■ Work instruction
Skip the pictures. Return exactly the lines from the one containing "We will summon" through the end of the entries below.

---------- Information shown

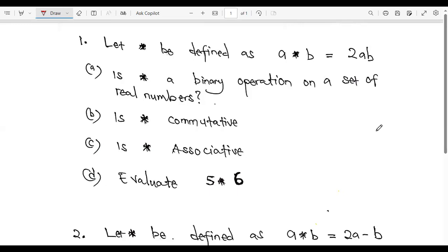Welcome to today's lesson. We are looking at what we call binary operations. This is mathematics. For those attending a class with us for the first time, my name is Jude from IQ Academy. IQ Academy offers extra lessons for the four NS courses: math, physics, chemistry, and biology. Our classes are online so they can be attended by anyone, anywhere, and you get to learn at your own pace.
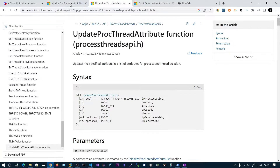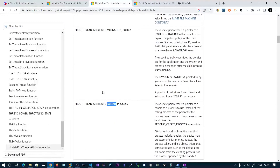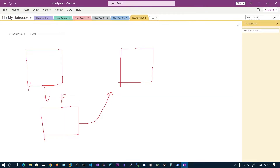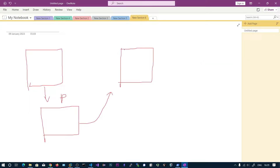We will be using InitializeProcThreadAttributeList to create a list of attributes and update them. The parent process LP value parameter is a pointer to a handle of a process to use instead of the calling process. So instead of our calling process, we will be using the handle of the process we want to spoof. That process must have the PROCESS_CREATE_PROCESS access right, meaning it should be able to create new processes.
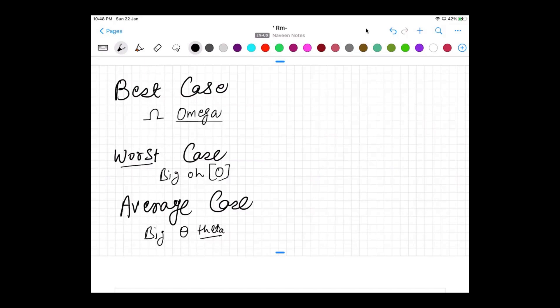If you really want to calculate the best case scenario, most books write it as Ω(1). The worst case scenario is written as O(n). The average case scenario is written as Θ(n). Let's talk about these with some examples.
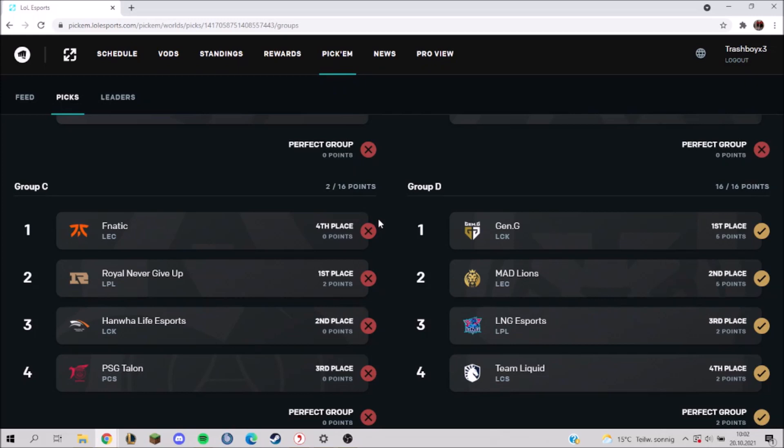So Fnatic went fourth in this group, and this pretty much changed my complete group. Because if I would have placed them third or fourth, then my picks would have been very good. So I think I overestimated Fnatic - they probably wouldn't even be first in their group even if Upset was playing.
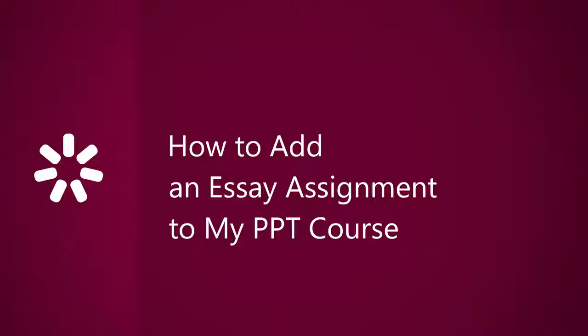Sometimes, checking your learner's knowledge isn't as simple as a multiple-choice or drag-and-drop question. Let's find out how to add an essay assignment to an online course.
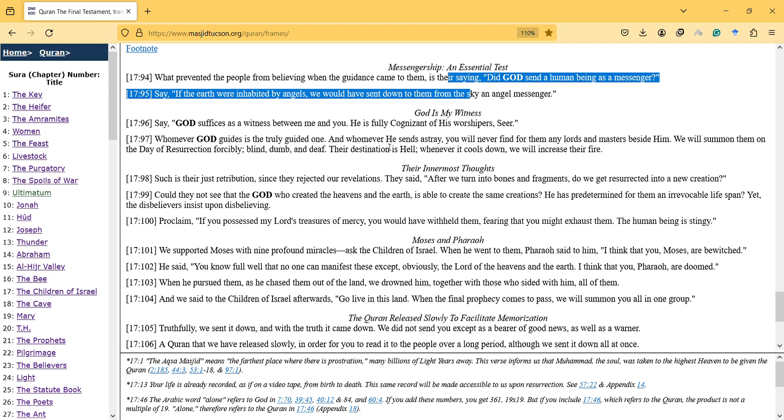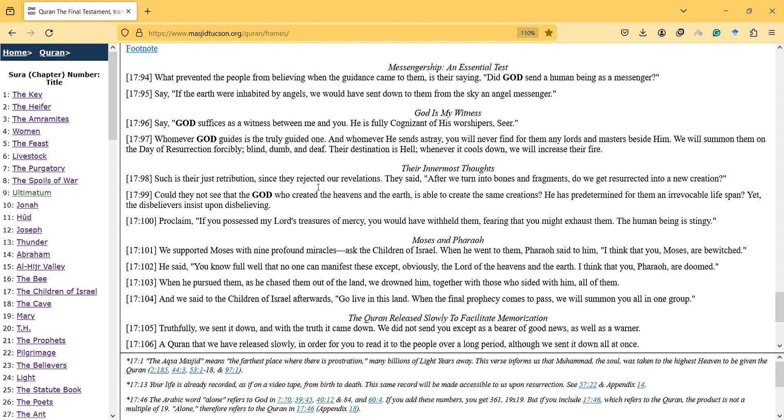We will summon them on the Day of Resurrection, forcibly blind, deaf and mute. Their destination is Hell. It shows that the fire in Hell is similar to the one in the world, and the power comes from God, and then they will be punished in Hell.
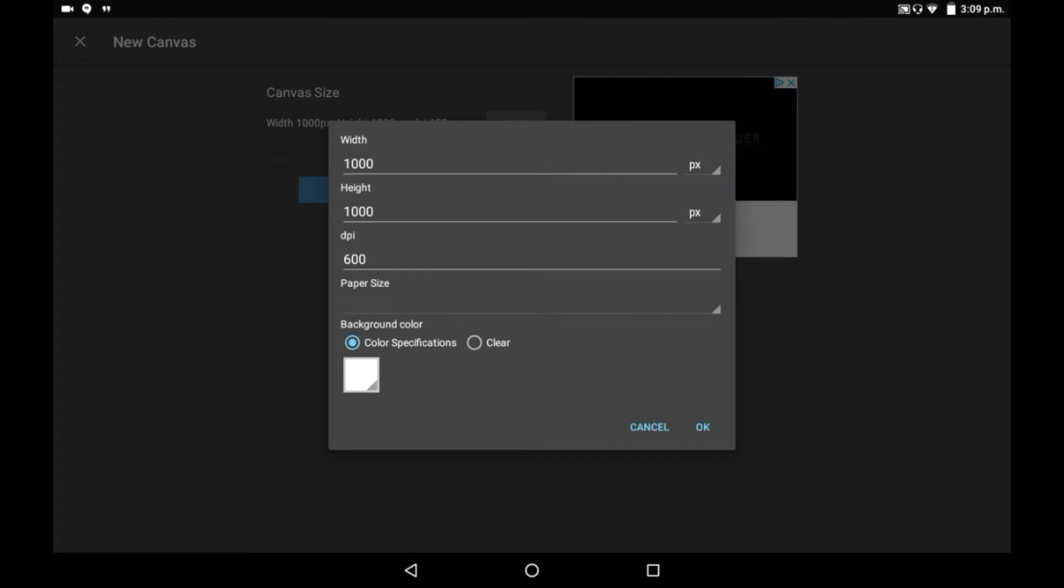This will allow you to change the background color. You can either have color specifications or have it as clear. Clear just means that it will be transparent, I believe.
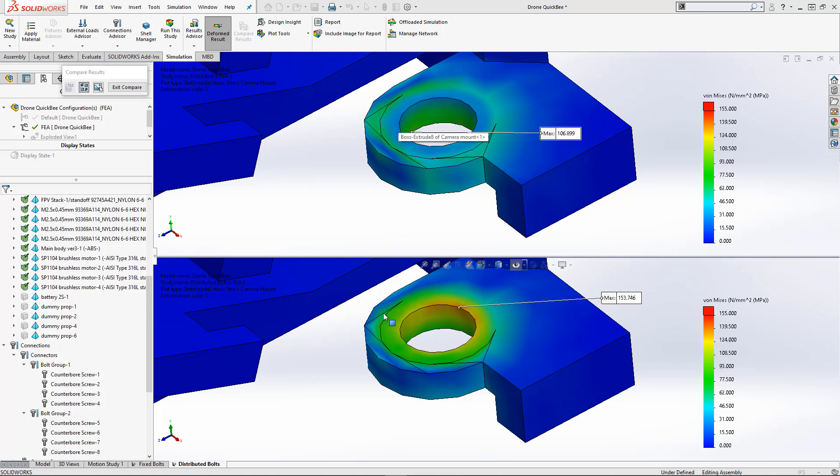If we look below in the distributed bolt connector, we can see that the stress was actually distributed throughout the entire contact area. This new bolt connector type shows the stresses that we would have otherwise missed with the rigid connector approximation.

--------------------

■ Written reply
We will summon them on the Day of Resurrection, forcibly blind, deaf and mute. Their destination is Hell. It shows that the fire in Hell is similar to the one in the world, and the power comes from God, and then they will be punished in Hell.
This will allow you to change the background color. You can either have color specifications or have it as clear. Clear just means that it will be transparent, I believe.
If we look below in the distributed bolt connector, we can see that the stress was actually distributed throughout the entire contact area. This new bolt connector type shows the stresses that we would have otherwise missed with the rigid connector approximation.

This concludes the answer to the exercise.